Though it’s generally seen at high elevations (mountain-based weather observatories often have serious problems with hard rime coating their instruments), this icy coating can form anywhere that a freezing fog and wind occur simultaneously. It’s rarely seen below -8 C (17.6 F), because colder air cannot hold enough moisture to create freezing fogs.

5. Thundersnow

The conditions required to create thundersnow are most common around lakes (it occasionally accompanies “lake-effect snow”) and coastal areas. In these places, the sun is able to heat the ground and cause (relatively) warm and humid columns of unstable air to rise up, and form turbulent clouds.

But clouds alone don’t make thundersnow. Only if the layer of air between the clouds and the ground is warmer than the cloud cover, but still cold enough to create snow, and the wind shear is pushing the warmer air slightly upwards, does thundersnow form. (In lake-effect thundersnow, the temperature has to be at least 45 degrees Fahrenheit higher below the clouds than at the cloud top for the phenomenon to occur.)

Most instances of thundersnow occur during extreme storms, with high-intensity wind and accumulations of between 2 and 6 inches of snow per hour. The lightning bolts are rarely visible as they are in summer thunderstorms, and the snow can often muffle the thunderclap, meaning that many instances of thundersnow go unnoticed.

6. Snowpack

Gallatin National Forest Avalanche Center

When a place has an extended cold season—like the majority of Canada, for example—snow rarely melts between each subsequent snowfall. Some of it will sublimate—or transition directly from a solid to a gas—especially in areas with lots of sunlight and dry wind, but the majority of it will stay present on the ground. When fresh snow falls on top of the old snow, the crystals of the old snow get packed down under the weight of the new cover. Depending on the length of time, snowflake types, and weather conditions between snowfalls, each layer of the snowpack may have a different thickness and density; heavy snow on top of a loose, unstable layer is one of the ways avalanches form.
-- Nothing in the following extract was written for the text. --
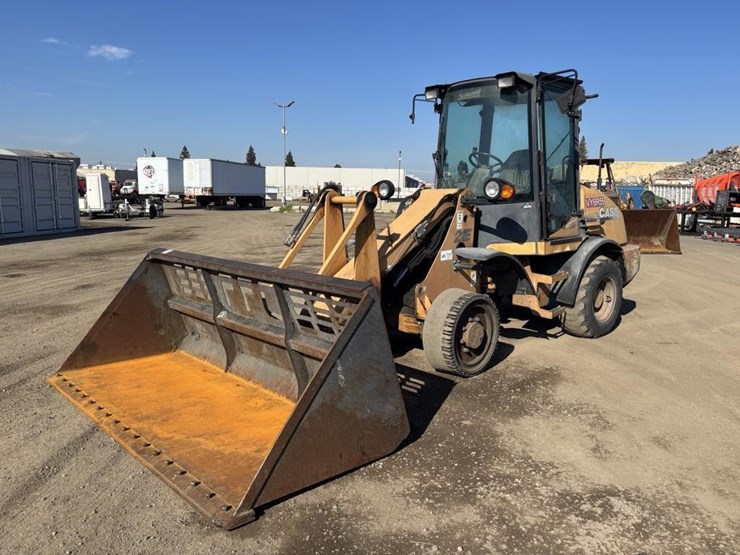 case-d21e-wheel-loader-image-1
By the end of the season, the snow in undisturbed areas will be many layers thick, and the melting of this accumulated water is an important source of fresh water for streams and rivers in the spring. In some places, though, the snow doesn’t melt completely, and another year’s snow accumulates on top of the old snowpack.

7. Firn

When years and years of snowpack accumulate in an area, that buildup is called “firn.” It’s much denser than regular snowpack, because of two factors: the partial melting during warmer seasons creates smaller crystals, packed closer together; and the new snow falling on top of the ultra-condensed pack pushes the crystals together without melting during the cold season.

When firn becomes dense enough, it’s considered to be ice, and the buildup of firn at a glacial head, high up in the mountains or near the poles, is what makes glaciers able to maintain their size (assuming a stable climate) despite constant melting and breaking at the glacier foot. The density of firn is between 550 kg/m³ and 830 kg/m³. To put that in perspective, the density of freshly-fallen “powder” snow is around 50-70 kg/m³, and the snow at the bottom of a seasonal snowpack is generally no more than 300 kg/m³.

8. Albedo

The fraction of the sun’s radiation reflected from the earth’s surface is known as the “albedo,” from the Latin albus, or “whiteness.” This is particularly relevant during winter snowfalls, since fresh, clean snow has an albedo of up to 0.7-0.85, meaning up to 85 percent of the radiation from the sun (including the radiant heat) is reflected back into the atmosphere. This can create local cooling effects after a new snowfall, even on a very bright, sunny day. The temperature depression from the albedo can actually cause more snow to fall in an area, if there are other, slightly warmer areas nearby.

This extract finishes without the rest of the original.